Do I believe Mr. MacMullin’s Evidence Denying his Guilt?  
[231] Evaluation by the trier of fact (me) of a witness’s credibility and reliability is a difficult  
task. The process is multifactorial and contextual. In White v R, 1947 CarswellOnt 8 paras 8-10,  
[1947] SCR 268, the court said:  
The issue of credibility is one of fact and cannot be determined by following a set  
of rules that it is suggested have the force of law and, in so far as the language of  
Mr. Justice Beck may be so construed, it cannot be supported upon the authorities.  
Anglin J. (later Chief Justice) in speaking of credibility stated:  
by that I understand not merely the appreciation of the witnesses'  
desire to be truthful but also of their opportunities of knowledge  
and powers of observation, judgment and memory in a word, the  
trustworthiness of their testimony, which may have depended very  
largely on their demeanour in the witness box and their manner in  
giving evidence. Reymond v. Township of Bosanquet [(1919) 59  
Can. S.C.R. 452, at 460].  
The foregoing is a general statement and does not purport to be exhaustive.  
Eminent judges have from time to time indicated certain guides that have been of  
the greatest assistance, but so far as I have been able to find there has never been  
an effort made to indicate all the possible factors that might enter into the  
determination. It is a matter in which so many human characteristics, both the  
strong and the weak, must be taken into consideration. The general integrity and  
intelligence of the witness, his powers to observe, his capacity to remember and  
his accuracy in statement are important. It is also important to determine whether  
he is honestly endeavouring to tell the truth, whether he is sincere and frank or  
whether he is biassed, reticent and evasive. All these questions and others may be  
answered from the observation of the witness' general conduct and demeanour in  
determining the question of credibility. [Emphasis added]  
 
Page: 62  
[232] Evaluating Mr. MacMullin was less of a challenge. His evidence is a combination of  
irrelevant information, erroneous legal theories, opinion, prayer revival meeting, multilevel  
marketing meeting, success story, deflection of blame, flights of fancy, self-justification, and a  
search for understanding. A generous helping of self-aggrandizement seasons the menu. One  
may also include an allegation of a lack of knowledge of the frauds or lack of intention.  

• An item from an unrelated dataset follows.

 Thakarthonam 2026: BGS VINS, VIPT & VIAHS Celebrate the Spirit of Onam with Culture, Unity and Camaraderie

[233] His evidence was implausible, inconsistent, and illogical. His exculpatory statements  
were intended to deflect aim to anyone or anything else. I do not believe him. I will take a  
number of examples from his evidence to illustrate the basis for my conclusion.  
[234] His self-history is an exercise in myth-making. For example, as young man in Fort  
McMurray, Mr. MacMullin says he went to work for Safeway as a bag boy. He alleges that he  
was so skilled as a bag boy that the manager of Safeway got into a fight with the meat market  
manager about whether this entry-level employee should stay bagging groceries or go into meat  
cutting. In the context of a national organization such as Safeway, this seems ludicrous.  

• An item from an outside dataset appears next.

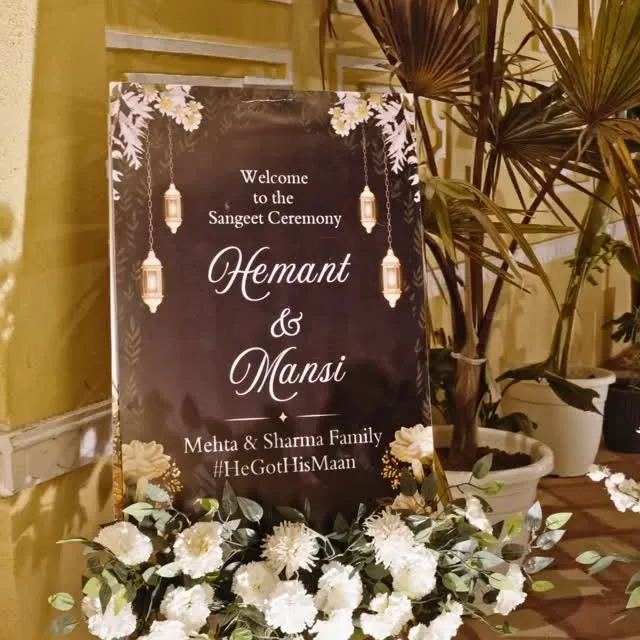 Harika Bagh wedding reel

[235] A further example is Mr. MacMullin indicates that when he worked for the building  
company, he was the best salesperson that company had ever had. Incredibly, when faced with  
this dynamo, Mr. MacMullin alleges the company’s response was to keep cutting his  
commission. He was finally fired. He claims his bosses told him he was causing the company to  
go bankrupt by selling too many homes. The non sequitur in that comment appears difficult to  
explain.  
[236] Then there is the violent and savage Red Deer assault by “Fred”, who is never identified  
by a full name, even though “Fred” was one of Mr. MacMullin’s “investors”, and the subject of a  
criminal prosecution. Mr. MacMullin offered no evidence about the context of this assault in  
relationship to these frauds, and instead tells the tale of how “Fred” was championed by the  
(unnamed) Crown Prosecutor, who encourages Mr. MacMullin to drop the charges because of  
“Fred’s” difficult divorce and out of character misconduct. A curious tale of a capitulation by a  
Crown attorney to ignore a serious crime and favour an accused. Not only is this narrative wildly  
implausible, but it is simply irrelevant to Mr. MacMullin’s alleged misconduct. It tells us nothing  
about whether or not Mr. MacMullin perpetrated the alleged frauds. It only illustrates how Mr.  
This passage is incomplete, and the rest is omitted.